I would just rather receive some personal reviews from cyclists that may know more detailed information about each wheelset? Mavic seems to be great with quality and braking abilities, but Zipps seem to be the "fad" choice of many that I have seen in the past. Any help or insight would be greatly appreciated.


----------



## cxwrench (Nov 9, 2004)

The Mavic 40C is not a true 'carbon clincher'. There is an aluminum rim 'insert' that is covered w/ a structural carbon fairing that the spokes anchor to via 'FORE' inserts. I'm not really sure why you'd make a wheel like this and not use aluminum for the braking surface but I'm sure Mavic has a reason. 
The Zipp is a true carbon clincher, in that there is no metal in the construction of the rim. How much do you weigh? How much do you ride the brakes down Brasstown Bald? I've been up it twice and it's a screaming descent. If you're heavy and/or ride the brakes a lot I'd be somewhat hesitant to go w/ a true carbon clincher even w/ all of the recent technological advances. That would make the Mavic a better choice given you want one or the other, but I just don't understand why they cover an aluminum brake track w/ carbon. They say right on their own site that aluminum dissipates heat and carbon accumulates heat...:shocked: So why make your brake track w/ a material that does this?


----------



## NGAcyclist (Apr 2, 2014)

cxwrench:

Thank you for your reply. As for my weight....I am 152 lbs. and 6'2'' (lean to say the least). 

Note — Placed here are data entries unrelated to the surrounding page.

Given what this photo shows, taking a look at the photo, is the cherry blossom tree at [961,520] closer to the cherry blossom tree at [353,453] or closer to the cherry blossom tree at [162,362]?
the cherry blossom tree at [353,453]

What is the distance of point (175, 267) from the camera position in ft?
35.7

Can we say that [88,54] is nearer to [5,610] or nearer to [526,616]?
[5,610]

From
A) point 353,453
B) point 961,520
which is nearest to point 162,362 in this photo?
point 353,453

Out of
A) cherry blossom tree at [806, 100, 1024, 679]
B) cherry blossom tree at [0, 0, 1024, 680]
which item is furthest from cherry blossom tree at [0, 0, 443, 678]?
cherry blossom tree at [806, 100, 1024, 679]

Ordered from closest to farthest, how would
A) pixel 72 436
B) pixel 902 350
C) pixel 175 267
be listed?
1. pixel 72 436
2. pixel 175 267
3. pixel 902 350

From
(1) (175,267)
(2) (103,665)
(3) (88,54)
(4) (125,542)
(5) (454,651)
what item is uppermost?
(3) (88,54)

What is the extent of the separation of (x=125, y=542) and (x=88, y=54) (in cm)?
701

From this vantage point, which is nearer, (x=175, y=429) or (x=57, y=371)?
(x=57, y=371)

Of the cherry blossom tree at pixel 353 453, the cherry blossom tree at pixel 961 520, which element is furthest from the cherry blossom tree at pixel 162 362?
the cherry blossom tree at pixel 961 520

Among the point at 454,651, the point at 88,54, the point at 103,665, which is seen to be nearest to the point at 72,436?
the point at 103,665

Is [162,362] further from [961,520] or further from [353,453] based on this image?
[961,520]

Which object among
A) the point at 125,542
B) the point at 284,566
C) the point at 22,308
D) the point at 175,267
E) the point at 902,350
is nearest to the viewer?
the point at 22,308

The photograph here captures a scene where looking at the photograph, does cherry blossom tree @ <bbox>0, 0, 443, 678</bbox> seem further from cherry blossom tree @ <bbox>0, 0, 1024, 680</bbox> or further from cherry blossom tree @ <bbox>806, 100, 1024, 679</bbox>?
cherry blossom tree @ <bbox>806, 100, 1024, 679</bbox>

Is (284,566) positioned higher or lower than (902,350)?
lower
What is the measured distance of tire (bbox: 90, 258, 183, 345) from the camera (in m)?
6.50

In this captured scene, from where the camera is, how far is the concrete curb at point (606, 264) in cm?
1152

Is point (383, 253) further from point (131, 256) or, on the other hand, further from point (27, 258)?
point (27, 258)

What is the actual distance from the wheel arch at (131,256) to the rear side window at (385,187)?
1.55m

I try not to hit the brakes too much, but I definitely do not ride them down at all.....mostly just rotate from front, front and back, back and repeat if it is really steep. As for the Mavic, I have also noticed some comments by Mavic seem to contradict themselves from what I have read. Anyways, I am still considering the Cosmic Carbone 40c but also now the Ksyrium SLR. I just don't want to regret my choice after purchasing either or after riding them after a few times knowing that I should have bought the opposite of what I originally bought. It seems to me that the 40c would benefit myself more in a racing scene, but maybe would find it more enjoyable climbing with the SLR's. Tough decision to make.


----------



## sneakyracer (Dec 1, 2007)

Carbon clinchers are great for flat terrain but not great for hilly areas and bad weather. From what you mention you would be better served by an aluminum wheel that is light. No need for an aero wheel whether its an aluminum and carbon mix or full carbon clincher. Check fair wheel bikes for a light custom set (tune hubs, kinlin or H Plus sun rims). There are plenty of options. The 303's are great wheels. The hubs are not great though. The best option would be a Enve 3.4 Smart set with tune or DT swiss hubs. Very durable wheel set that is easy to repair if needed.


----------



## dkilburn (Aug 1, 2009)

Good Morning,
I'm sure the Mavic hubs are very durable.
The rear hub on my 303 FC have had the bearings and axle replaced.
Front wheel no problems at all.
For me I like the feel of the 303 FC, maybe in my mind but they make me feel faster.
I never rode the Mavic Carbone, only the R SYS... with no problems. 
Sneakyrace is correct about wet braking. 
The wet brake for me is a little better on the Zipp 303 vs. my Reynold Assualt.
If you ride in a lot of wet or rain I would say stay on the other brake surface. 
I have not gone down long hills like the folks out west.
In upstate New York I have not run out of brakes in dry. In wet it is easy to run out of braking on the hills and flats.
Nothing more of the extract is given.